A centerpiece of the Healthy Aging Initiative is UC Davis Health’s new interdisciplinary Healthy Aging Clinic — designed to provide comprehensive services that preserve the functionality and independence of older-adult patients, while at the same time supporting their family caregivers.

Located in midtown Sacramento, the new and growing outpatient clinic is a one-stop location where older adults can receive care from a number of geriatric specialists, including physicians, advanced practice providers, physical therapists, pharmacists, case managers and cognitive specialists.

“We care for older adults who have a variety of geriatric syndromes,” said the clinic’s interim medical director Alia Tuqan, M.D., a board-certified geriatrician who previously led the Division of Geriatrics at the University of Nevada, Reno, in an interview this spring. “We are seeing older adults, especially those with frailty, memory problems and dementia, and gait instability and falls.

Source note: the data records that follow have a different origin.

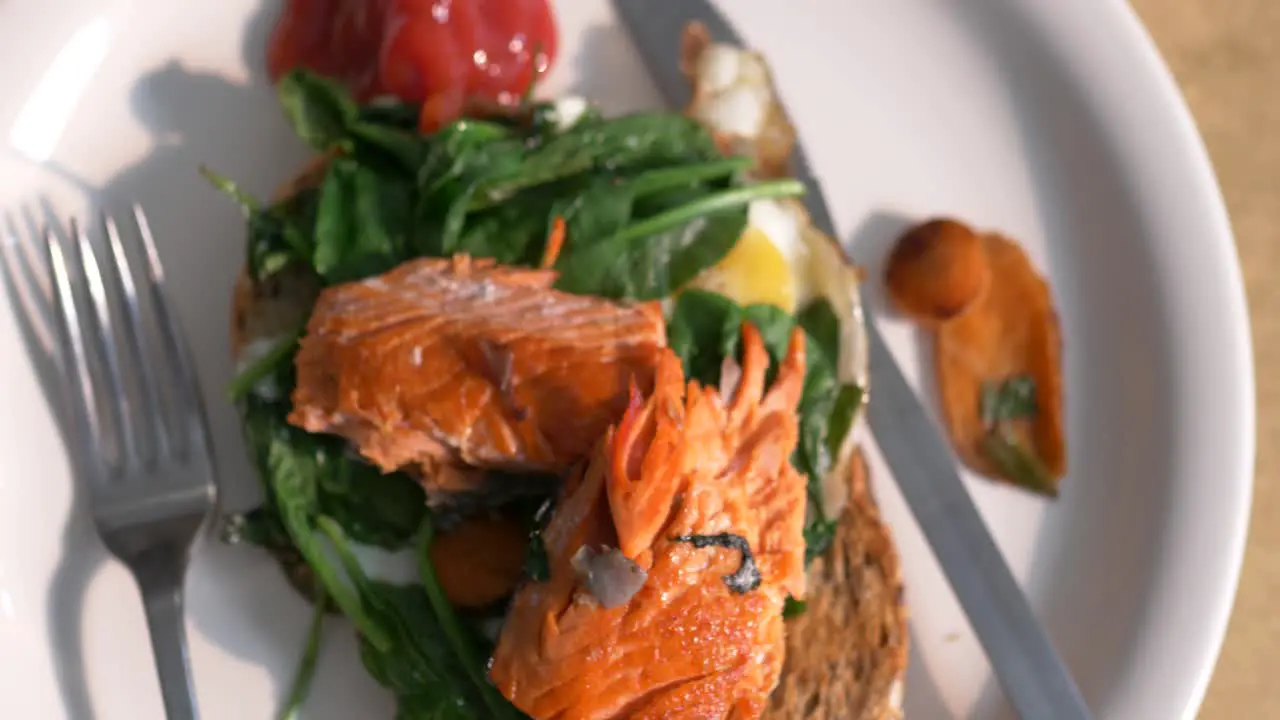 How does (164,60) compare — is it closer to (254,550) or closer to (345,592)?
(254,550)

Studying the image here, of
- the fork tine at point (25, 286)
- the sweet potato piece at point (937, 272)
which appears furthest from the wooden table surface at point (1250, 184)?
the fork tine at point (25, 286)

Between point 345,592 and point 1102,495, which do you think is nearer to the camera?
point 345,592

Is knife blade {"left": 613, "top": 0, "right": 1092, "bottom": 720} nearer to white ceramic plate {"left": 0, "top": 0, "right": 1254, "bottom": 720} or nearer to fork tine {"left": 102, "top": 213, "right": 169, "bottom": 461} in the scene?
white ceramic plate {"left": 0, "top": 0, "right": 1254, "bottom": 720}

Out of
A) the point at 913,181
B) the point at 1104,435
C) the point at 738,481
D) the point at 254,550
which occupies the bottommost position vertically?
the point at 254,550

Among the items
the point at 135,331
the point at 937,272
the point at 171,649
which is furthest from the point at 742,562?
the point at 135,331

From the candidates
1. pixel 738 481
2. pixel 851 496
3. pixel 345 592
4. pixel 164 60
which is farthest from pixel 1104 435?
pixel 164 60

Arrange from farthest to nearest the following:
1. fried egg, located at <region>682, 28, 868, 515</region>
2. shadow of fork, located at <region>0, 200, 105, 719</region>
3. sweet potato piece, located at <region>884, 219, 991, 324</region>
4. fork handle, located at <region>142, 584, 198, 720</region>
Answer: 1. sweet potato piece, located at <region>884, 219, 991, 324</region>
2. fried egg, located at <region>682, 28, 868, 515</region>
3. shadow of fork, located at <region>0, 200, 105, 719</region>
4. fork handle, located at <region>142, 584, 198, 720</region>

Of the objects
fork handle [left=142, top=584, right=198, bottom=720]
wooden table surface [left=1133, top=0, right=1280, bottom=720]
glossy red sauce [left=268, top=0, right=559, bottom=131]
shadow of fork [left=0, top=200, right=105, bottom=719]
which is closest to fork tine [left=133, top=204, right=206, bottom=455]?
shadow of fork [left=0, top=200, right=105, bottom=719] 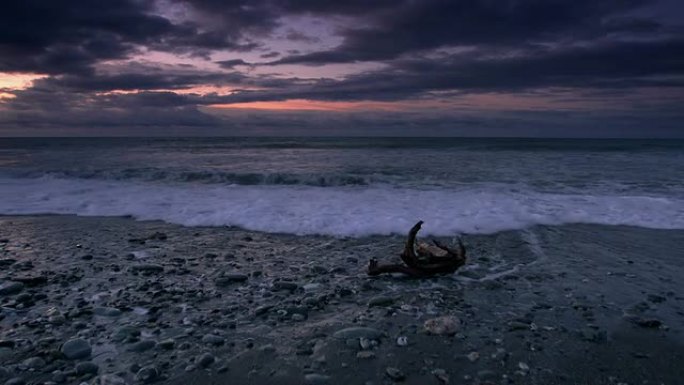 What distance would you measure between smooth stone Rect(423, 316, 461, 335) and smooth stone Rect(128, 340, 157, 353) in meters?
2.47

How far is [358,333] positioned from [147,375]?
69.9 inches

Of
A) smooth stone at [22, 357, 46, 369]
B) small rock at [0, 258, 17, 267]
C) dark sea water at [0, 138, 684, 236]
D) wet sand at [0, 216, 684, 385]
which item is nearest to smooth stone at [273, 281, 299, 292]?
wet sand at [0, 216, 684, 385]

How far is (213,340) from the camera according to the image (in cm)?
375

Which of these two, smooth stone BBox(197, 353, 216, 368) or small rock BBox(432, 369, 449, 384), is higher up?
small rock BBox(432, 369, 449, 384)

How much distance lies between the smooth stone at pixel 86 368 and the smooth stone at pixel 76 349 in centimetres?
18

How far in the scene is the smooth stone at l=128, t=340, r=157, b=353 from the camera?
11.8 feet

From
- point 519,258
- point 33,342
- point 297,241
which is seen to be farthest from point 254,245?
point 519,258

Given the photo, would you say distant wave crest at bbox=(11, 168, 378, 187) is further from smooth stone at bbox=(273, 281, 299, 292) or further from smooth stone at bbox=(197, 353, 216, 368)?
smooth stone at bbox=(197, 353, 216, 368)

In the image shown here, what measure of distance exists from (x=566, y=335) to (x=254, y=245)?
4862 mm

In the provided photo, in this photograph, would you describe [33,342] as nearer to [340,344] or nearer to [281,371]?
[281,371]

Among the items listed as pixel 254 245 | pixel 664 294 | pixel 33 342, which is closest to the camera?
pixel 33 342

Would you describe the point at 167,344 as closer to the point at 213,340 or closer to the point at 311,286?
the point at 213,340

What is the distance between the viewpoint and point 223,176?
17594 millimetres

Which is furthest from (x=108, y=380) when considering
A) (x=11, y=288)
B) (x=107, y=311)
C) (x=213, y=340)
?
(x=11, y=288) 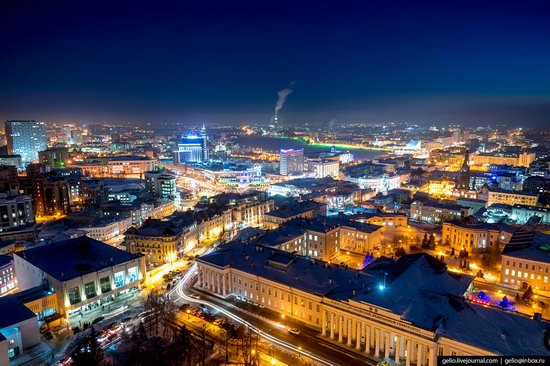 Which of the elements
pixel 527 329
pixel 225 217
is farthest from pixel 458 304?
pixel 225 217

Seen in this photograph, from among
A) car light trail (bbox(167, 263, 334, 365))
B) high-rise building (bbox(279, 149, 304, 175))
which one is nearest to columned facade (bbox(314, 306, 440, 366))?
car light trail (bbox(167, 263, 334, 365))

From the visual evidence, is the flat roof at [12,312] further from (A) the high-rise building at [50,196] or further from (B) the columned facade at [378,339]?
(A) the high-rise building at [50,196]

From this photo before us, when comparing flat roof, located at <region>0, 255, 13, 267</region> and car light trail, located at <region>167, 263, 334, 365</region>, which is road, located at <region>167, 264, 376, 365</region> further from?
flat roof, located at <region>0, 255, 13, 267</region>

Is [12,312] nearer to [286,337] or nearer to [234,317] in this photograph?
[234,317]

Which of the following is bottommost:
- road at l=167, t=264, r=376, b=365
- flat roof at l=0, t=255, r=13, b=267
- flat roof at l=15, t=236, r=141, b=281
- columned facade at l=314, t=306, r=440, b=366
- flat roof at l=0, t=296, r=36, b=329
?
road at l=167, t=264, r=376, b=365

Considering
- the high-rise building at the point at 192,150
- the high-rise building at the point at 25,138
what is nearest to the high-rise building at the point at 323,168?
the high-rise building at the point at 192,150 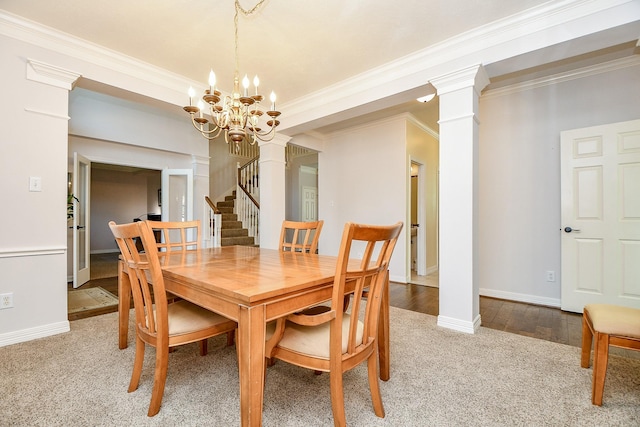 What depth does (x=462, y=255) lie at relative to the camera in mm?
2498

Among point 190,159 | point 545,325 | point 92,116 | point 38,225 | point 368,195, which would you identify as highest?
point 92,116

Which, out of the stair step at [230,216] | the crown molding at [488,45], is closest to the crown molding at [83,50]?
the crown molding at [488,45]

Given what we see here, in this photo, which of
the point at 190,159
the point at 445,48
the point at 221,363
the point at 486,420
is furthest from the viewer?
the point at 190,159

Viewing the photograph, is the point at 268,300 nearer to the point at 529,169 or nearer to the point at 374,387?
Result: the point at 374,387

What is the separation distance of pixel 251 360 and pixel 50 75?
3.00 metres

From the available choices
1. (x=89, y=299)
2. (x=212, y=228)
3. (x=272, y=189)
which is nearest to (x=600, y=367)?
(x=272, y=189)

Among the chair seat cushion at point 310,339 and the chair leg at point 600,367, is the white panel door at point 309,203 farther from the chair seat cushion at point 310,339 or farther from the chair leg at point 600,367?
the chair leg at point 600,367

“These older adults tend to be experiencing functional decline, have multiple chronic conditions and are on multiple medications.”

Among those now available to provide expanded services for them are faculty from the UC Davis Alzheimer’s Disease Center’s growing team of geriatric neurology experts. Last fall the center added behavioral neurologist David Bissig, M.D., Ph.D., and neuropsychologist Alyssa Weakley, Ph.D., who see clinic patients and conduct research to support patients with dementia.

Both have special interest and expertise in cognitive and neurodegenerative conditions such as mild cognitive impairment, Alzheimer’s, Parkinson’s dementia and vascular dementia.

They’re the beginning of what Alzheimer’s center director Charles DeCarli, M.D., hopes will grow into a larger geriatric program that involves expanding cognitive assessment for those who need it.

“When we lag in cognitive evaluations, patients come in sicker, which leads to a cascade of problems,” DeCarli said. “But we know that with early detection, patients and their caregivers earn confidence through education. That assessment could even change a diagnosis and alter a course of treatment.”

Meanwhile, providers at the Healthy Aging Clinic also recognize that older-adult family caregivers play a critical role in the health team. The Betty Irene Moore School of Nursing’s Family Caregiving Institute has two private rooms at the clinic where staff can consult with caregivers to help understand their concerns and challenges.

“We offer consultation to support caregivers in their monumental role tending to an older adult. We also have training services, so we can teach them how to do complex tasks such as managing medications and caring for wounds,” said caregiving institute director Terri Harvath, Ph.D., R.N., F.A.A.N., F.G.S.A. “The inclusion of services and attention to family caregivers really sets UC Davis Health apart from other health systems.”

The Healthy Aging Clinic began accepting referrals and seeing patients in mid-January as part of a soft-launch phase, with a full-scale opening expected fall 2021 (as of press time). Providers began by offering geriatrics consults and family caregiving services, and continue to bring additional experts and disciplines into the mix, such as neurology, neuropsychology and geriatric psychiatry.

In the future, the clinic will also be a hub for learners in the health professions, including precepting with medical students and residents at the School of Medicine and nurse practitioner and physician assistant students at the School of Nursing.